Upon selling my Acer made eMachine emd620, I started the search for a netbook, but wanting something better than 1024 x 600 video.  I found what looked like a dream machine at the right price at Tiger Direct, the Gateway EC1803, that is essentially a slightly cosmetically altered Aspire 1410.

I spent the best part of a day trying to get Linux Mint installed in a 50 G partition but was being thwarted by disk errors upon rebooting.  Not to be daunted, I cloned the Gentoo installation from my Sony laptop (similar hardware) made the necessary kernel tweaks, and continued to experience hard drive errors on rebooting to the extent that sometimes I could get to a prompt, and sometimes I could not.
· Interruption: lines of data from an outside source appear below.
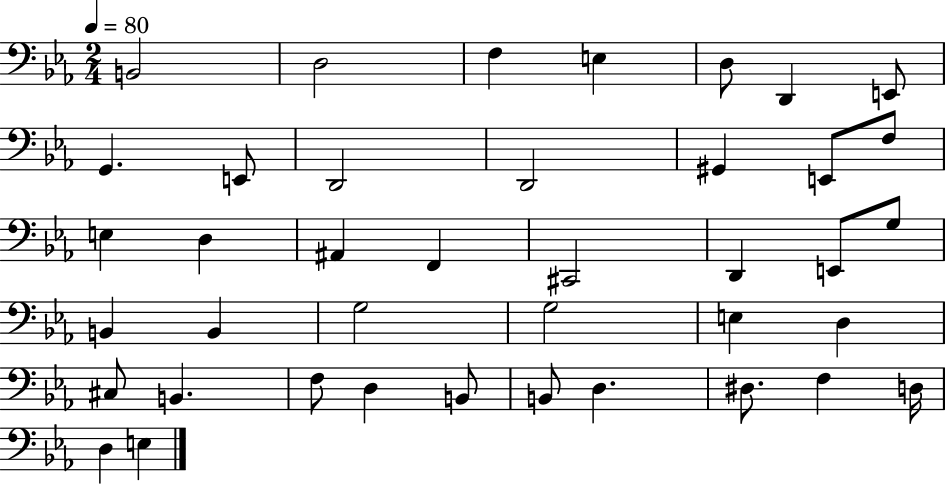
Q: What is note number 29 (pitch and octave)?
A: C#3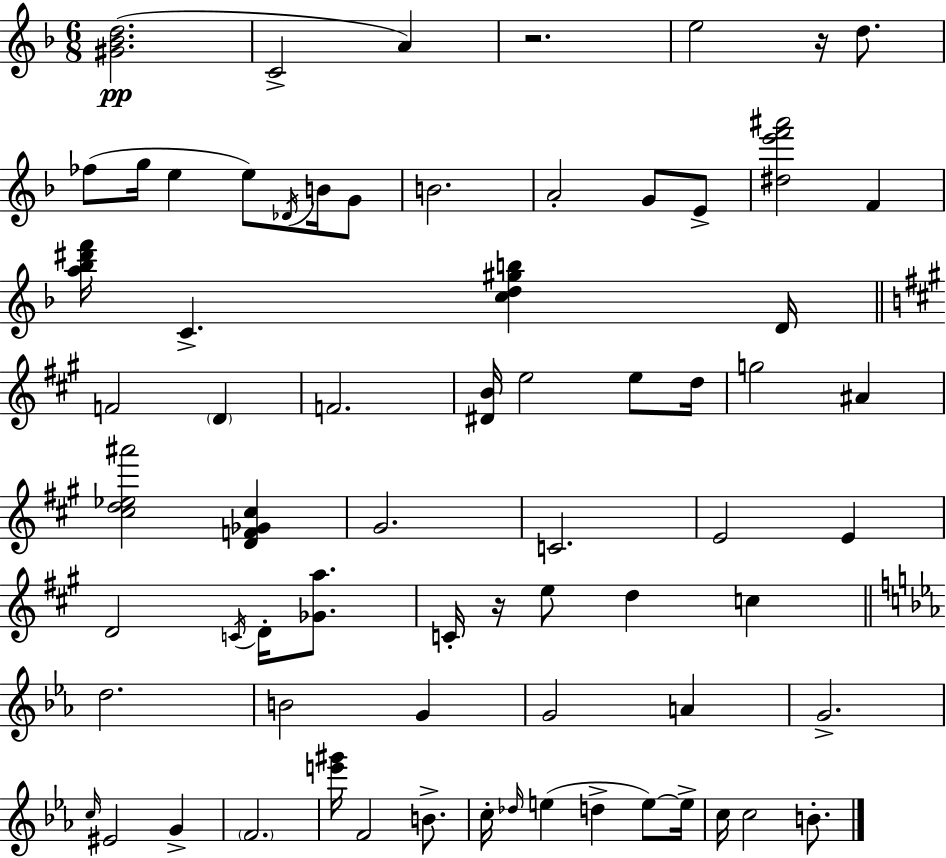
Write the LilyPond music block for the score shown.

{
  \clef treble
  \numericTimeSignature
  \time 6/8
  \key d \minor
  <gis' bes' d''>2.(\pp | c'2-> a'4) | r2. | e''2 r16 d''8. | \break fes''8( g''16 e''4 e''8) \acciaccatura { des'16 } b'16 g'8 | b'2. | a'2-. g'8 e'8-> | <dis'' e''' f''' ais'''>2 f'4 | \break <a'' bes'' dis''' f'''>16 c'4.-> <c'' d'' gis'' b''>4 | d'16 \bar "||" \break \key a \major f'2 \parenthesize d'4 | f'2. | <dis' b'>16 e''2 e''8 d''16 | g''2 ais'4 | \break <cis'' d'' ees'' ais'''>2 <d' f' ges' cis''>4 | gis'2. | c'2. | e'2 e'4 | \break d'2 \acciaccatura { c'16 } d'16-. <ges' a''>8. | c'16-. r16 e''8 d''4 c''4 | \bar "||" \break \key c \minor d''2. | b'2 g'4 | g'2 a'4 | g'2.-> | \break \grace { c''16 } eis'2 g'4-> | \parenthesize f'2. | <e''' gis'''>16 f'2 b'8.-> | c''16-. \grace { des''16 }( e''4 d''4-> e''8~~) | \break e''16-> c''16 c''2 b'8.-. | \bar "|."
}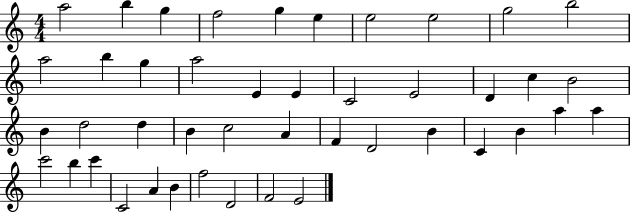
X:1
T:Untitled
M:4/4
L:1/4
K:C
a2 b g f2 g e e2 e2 g2 b2 a2 b g a2 E E C2 E2 D c B2 B d2 d B c2 A F D2 B C B a a c'2 b c' C2 A B f2 D2 F2 E2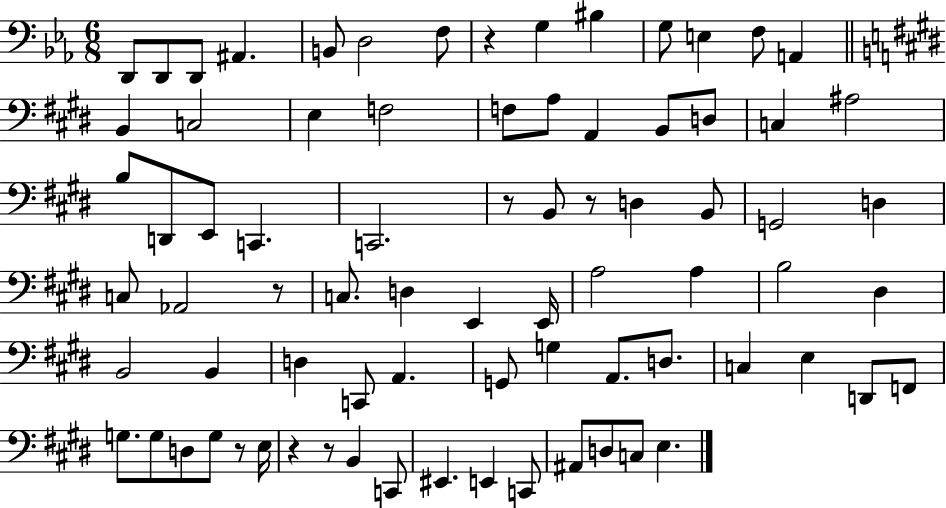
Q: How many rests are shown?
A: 7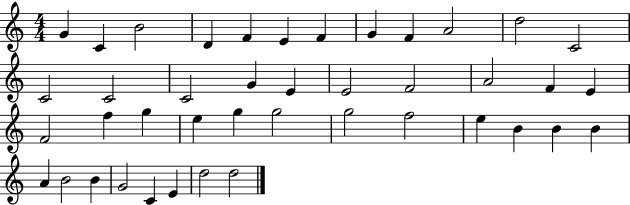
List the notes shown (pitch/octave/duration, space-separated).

G4/q C4/q B4/h D4/q F4/q E4/q F4/q G4/q F4/q A4/h D5/h C4/h C4/h C4/h C4/h G4/q E4/q E4/h F4/h A4/h F4/q E4/q F4/h F5/q G5/q E5/q G5/q G5/h G5/h F5/h E5/q B4/q B4/q B4/q A4/q B4/h B4/q G4/h C4/q E4/q D5/h D5/h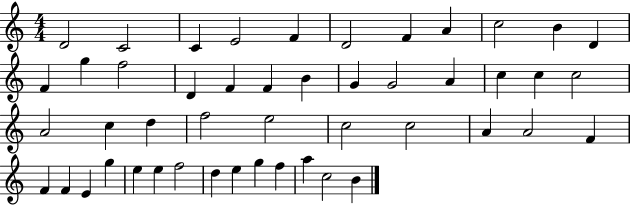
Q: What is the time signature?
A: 4/4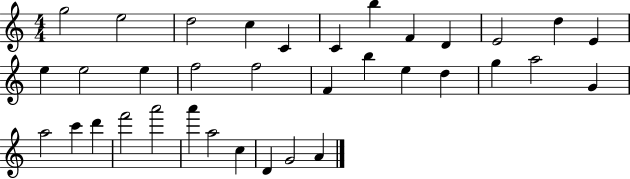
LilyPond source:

{
  \clef treble
  \numericTimeSignature
  \time 4/4
  \key c \major
  g''2 e''2 | d''2 c''4 c'4 | c'4 b''4 f'4 d'4 | e'2 d''4 e'4 | \break e''4 e''2 e''4 | f''2 f''2 | f'4 b''4 e''4 d''4 | g''4 a''2 g'4 | \break a''2 c'''4 d'''4 | f'''2 a'''2 | a'''4 a''2 c''4 | d'4 g'2 a'4 | \break \bar "|."
}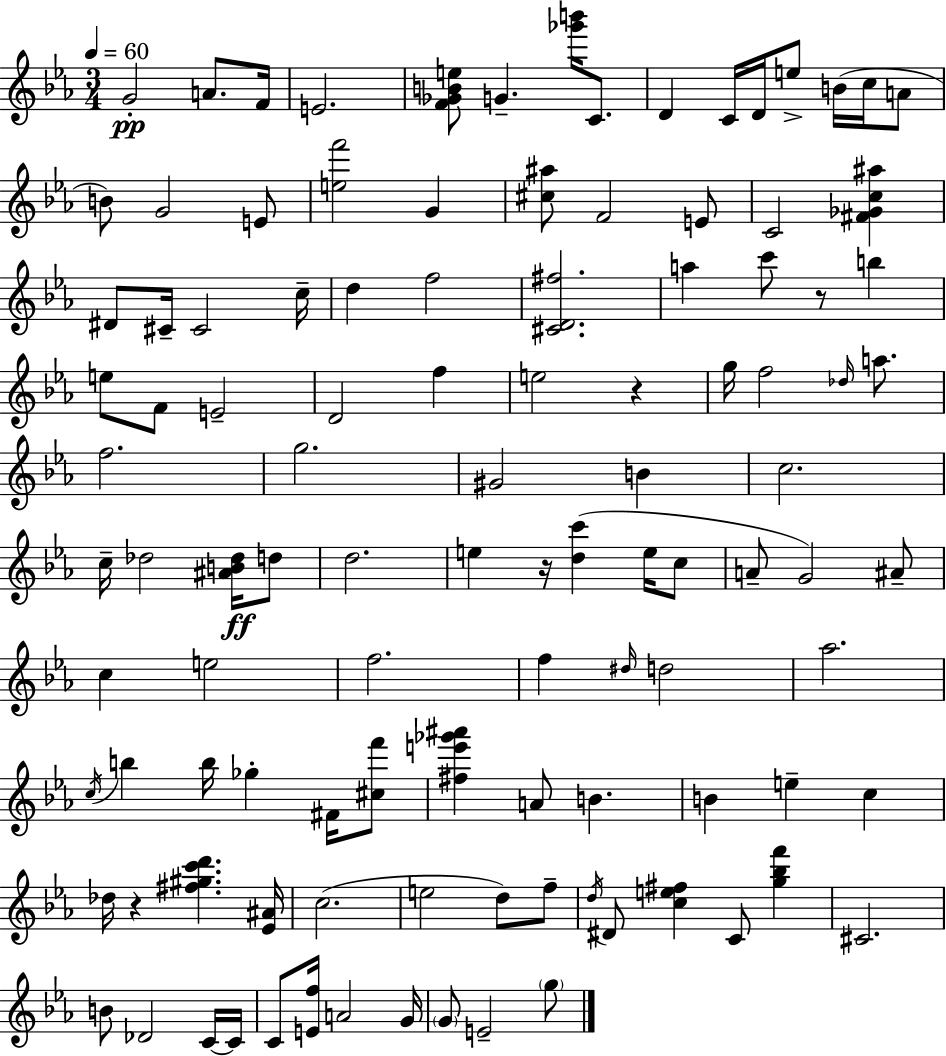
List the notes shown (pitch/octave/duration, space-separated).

G4/h A4/e. F4/s E4/h. [F4,Gb4,B4,E5]/e G4/q. [Gb6,B6]/s C4/e. D4/q C4/s D4/s E5/e B4/s C5/s A4/e B4/e G4/h E4/e [E5,F6]/h G4/q [C#5,A#5]/e F4/h E4/e C4/h [F#4,Gb4,C5,A#5]/q D#4/e C#4/s C#4/h C5/s D5/q F5/h [C#4,D4,F#5]/h. A5/q C6/e R/e B5/q E5/e F4/e E4/h D4/h F5/q E5/h R/q G5/s F5/h Db5/s A5/e. F5/h. G5/h. G#4/h B4/q C5/h. C5/s Db5/h [A#4,B4,Db5]/s D5/e D5/h. E5/q R/s [D5,C6]/q E5/s C5/e A4/e G4/h A#4/e C5/q E5/h F5/h. F5/q D#5/s D5/h Ab5/h. C5/s B5/q B5/s Gb5/q F#4/s [C#5,F6]/e [F#5,E6,Gb6,A#6]/q A4/e B4/q. B4/q E5/q C5/q Db5/s R/q [F#5,G#5,C6,D6]/q. [Eb4,A#4]/s C5/h. E5/h D5/e F5/e D5/s D#4/e [C5,E5,F#5]/q C4/e [G5,Bb5,F6]/q C#4/h. B4/e Db4/h C4/s C4/s C4/e [E4,F5]/s A4/h G4/s G4/e E4/h G5/e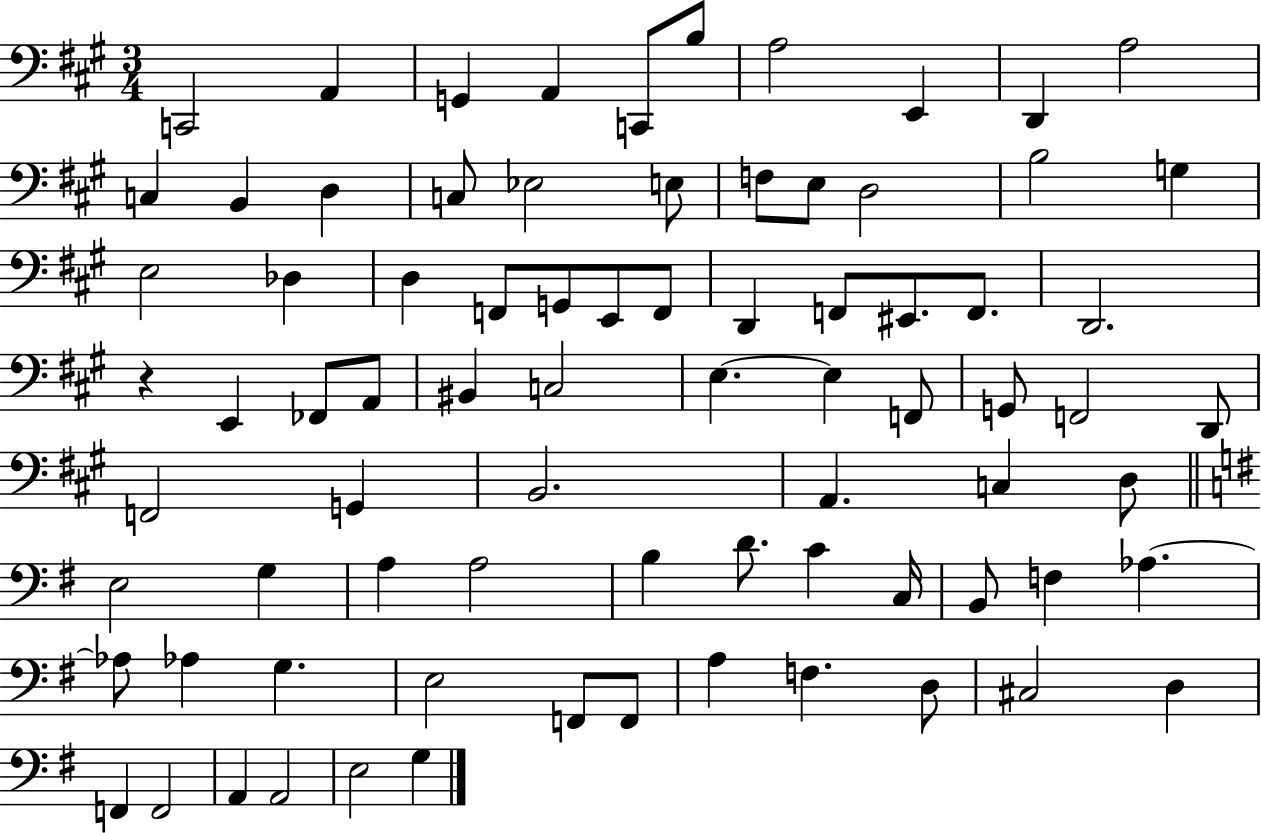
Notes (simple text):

C2/h A2/q G2/q A2/q C2/e B3/e A3/h E2/q D2/q A3/h C3/q B2/q D3/q C3/e Eb3/h E3/e F3/e E3/e D3/h B3/h G3/q E3/h Db3/q D3/q F2/e G2/e E2/e F2/e D2/q F2/e EIS2/e. F2/e. D2/h. R/q E2/q FES2/e A2/e BIS2/q C3/h E3/q. E3/q F2/e G2/e F2/h D2/e F2/h G2/q B2/h. A2/q. C3/q D3/e E3/h G3/q A3/q A3/h B3/q D4/e. C4/q C3/s B2/e F3/q Ab3/q. Ab3/e Ab3/q G3/q. E3/h F2/e F2/e A3/q F3/q. D3/e C#3/h D3/q F2/q F2/h A2/q A2/h E3/h G3/q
I searched the web for knowledge and found that installing the BIOS upgrade from the Acer web site http://www.acer.ca/acer/service.do?LanguageISOCtxParam=en&miu10einu24.current.attN2B2F2EEF=3751&sp=page15e&ctx2.c2att1=27&miu10ekcond13.attN2B2F2EEF=3751&CountryISOCtxParam=CA&ctx1.att21k=1&CRC=719687231 for the Aspire 1410 was being done with success and according the the posters badly needed.  (Acer classifies the 1410 as a small notebook, not a netbook.)

So, from Vista (ugh) I installed the BIOS from the Acer Aspire 1410 (the computer isn't even listed on Gateway's web site), the current version being 1.3310, identified as simply 3310 on Acer's site, which went perfectly.

And now: EVERYTHING works perfectly without error.  Although I'm using Gentoo, I can also report that Linux Mint version 8 also appears to work perfectly out of the box supporting all of the hardware the best I can tell.  (This helped me identify the right kernel modules to add to my Gentoo kernel.)

----------